Supplied data:
======

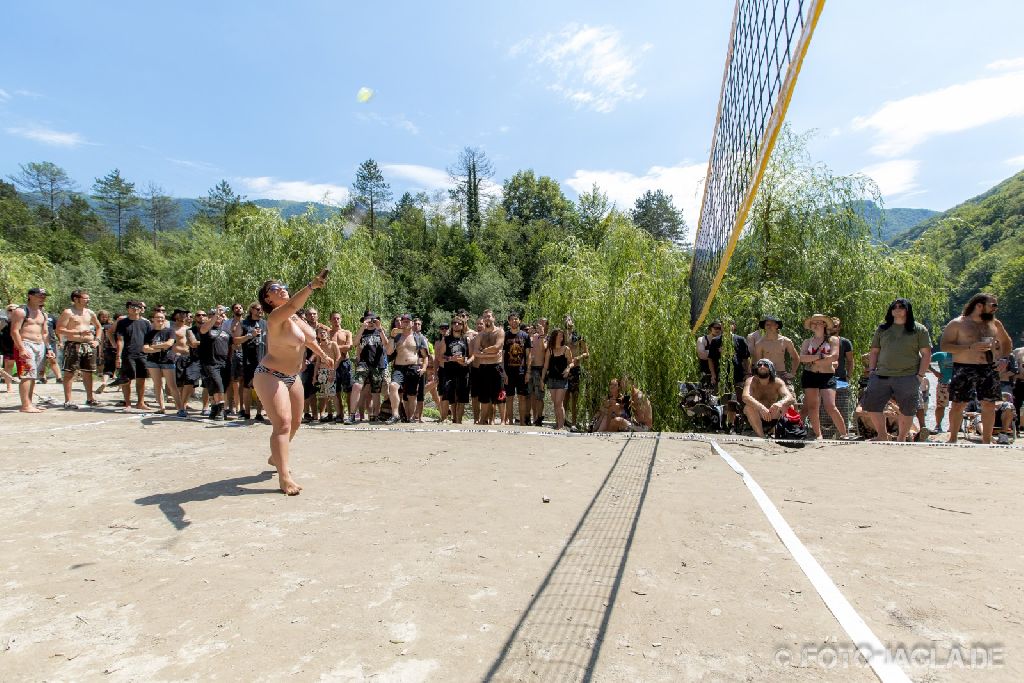 Metaldays 2013 ::. Topless Badminton contest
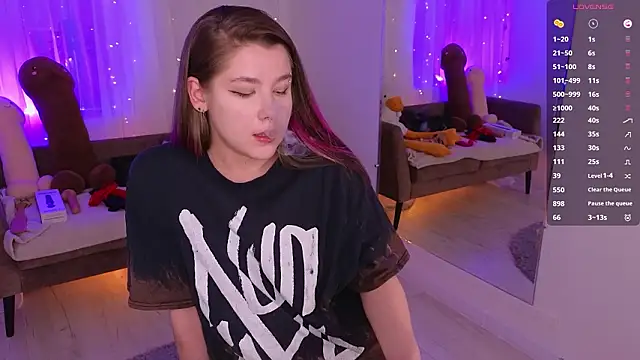 Mira_Falls Chat XXX in diretta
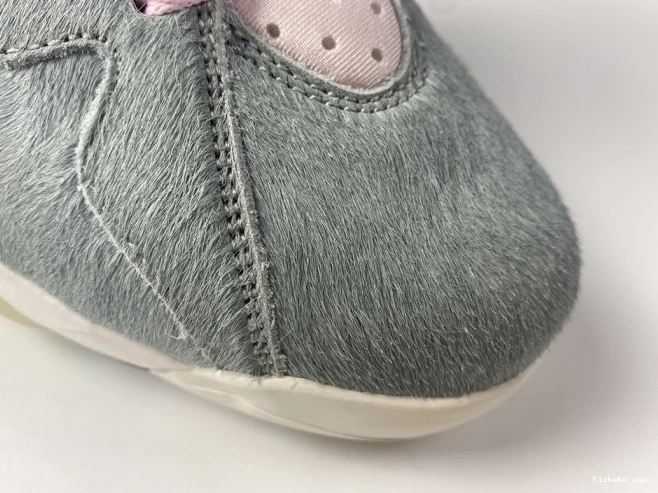 7 Neutral Air Grey Retro Jordan CT8528-002 0630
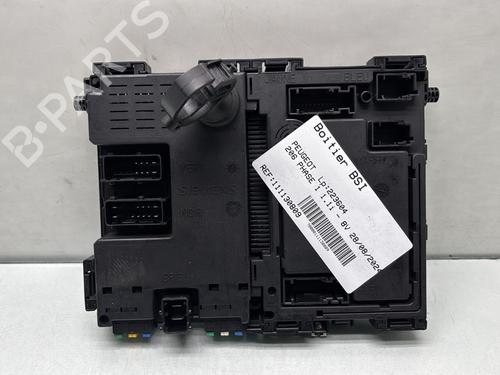 Używane Skrzynka bezpieczników PEUGEOT 206 Hatchback (2A/C) 1.1 i (60 hp) 30082662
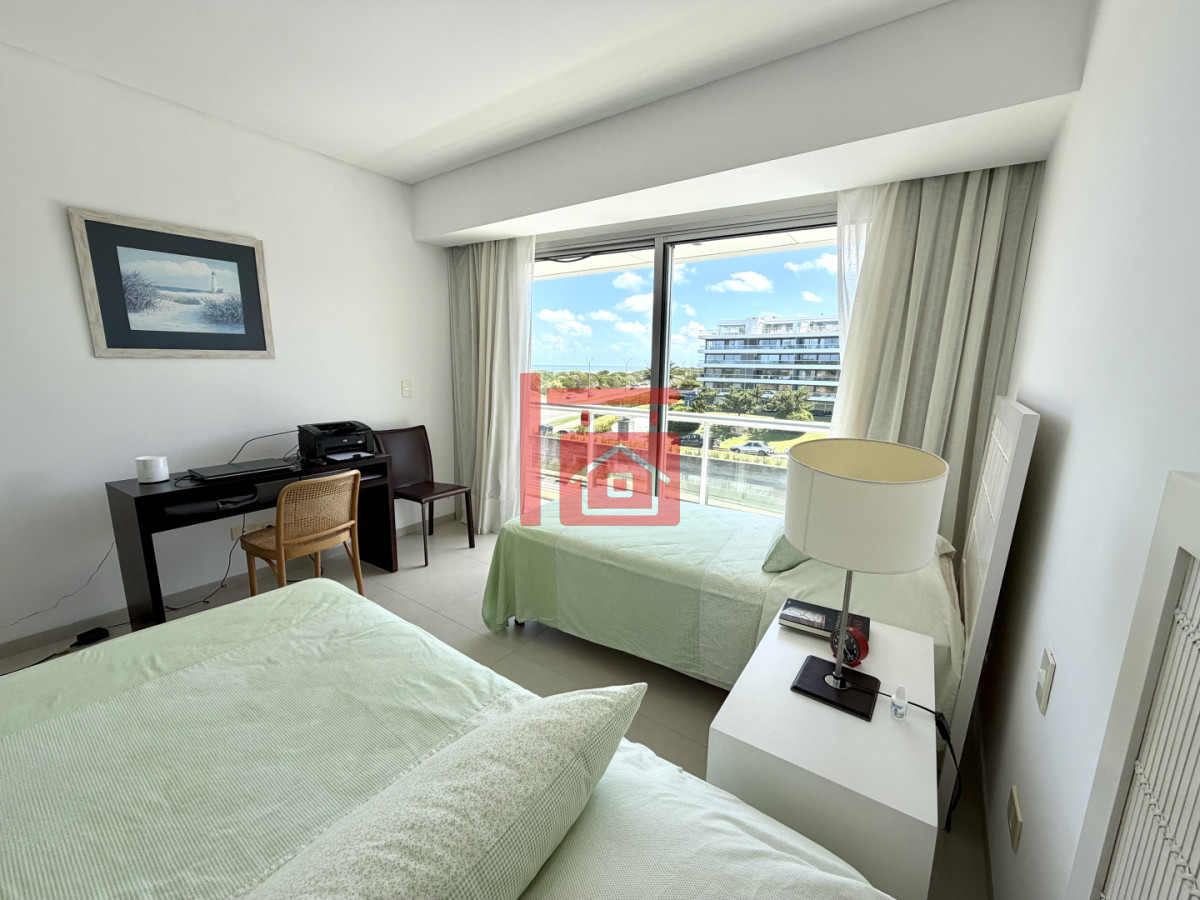 Apartamento ID.131 - Apartamento, 3 dorm y dep, brava, Punta del Este Venta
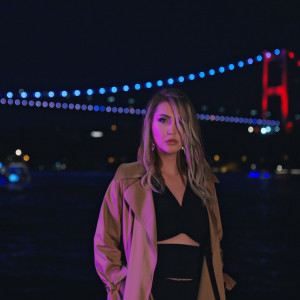 Listen to İstanbul Dinlesin song with lyrics from Nur Cennet
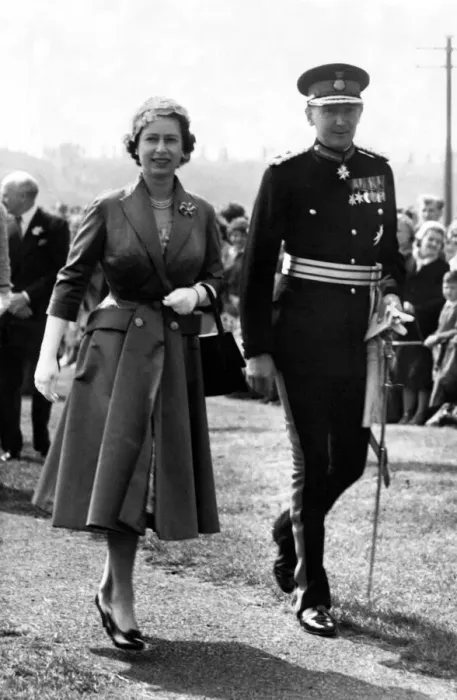 Framed Print : Queen Elizabeth II with the Duke of Northumberland during a visit to Holy Island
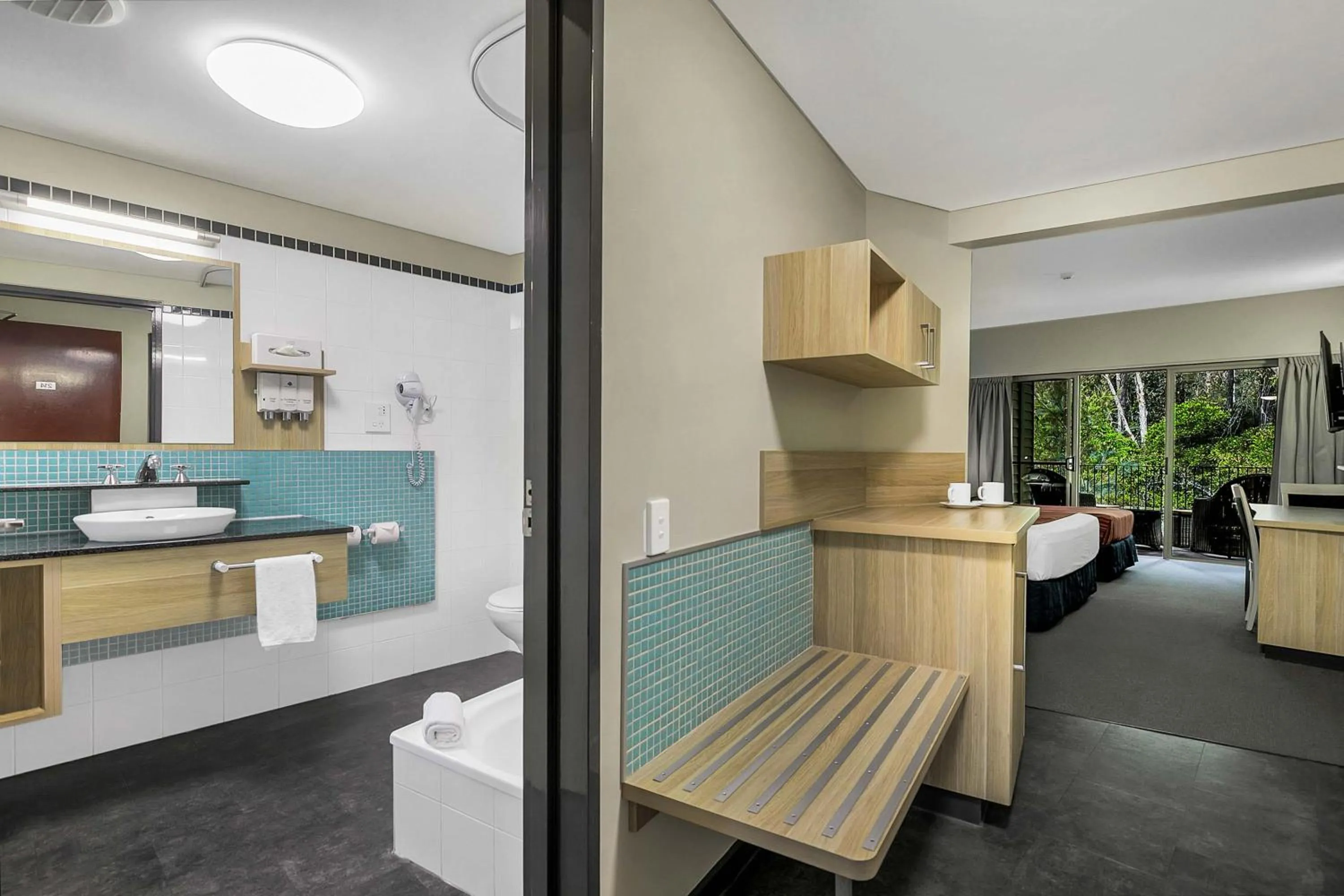 Day, Bed in Kingfisher Bay Resort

======

Instructions for the task: For this exercise, please set down exactly the lines of the listing above from the line with "7 Neutral Air" up to and including the line with "Listen to İstanbul", and no pictures.

Output of the exercise:
 7 Neutral Air Grey Retro Jordan CT8528-002 0630
 Używane Skrzynka bezpieczników PEUGEOT 206 Hatchback (2A/C) 1.1 i (60 hp) 30082662
 Apartamento ID.131 - Apartamento, 3 dorm y dep, brava, Punta del Este Venta
 Listen to İstanbul Dinlesin song with lyrics from Nur Cennet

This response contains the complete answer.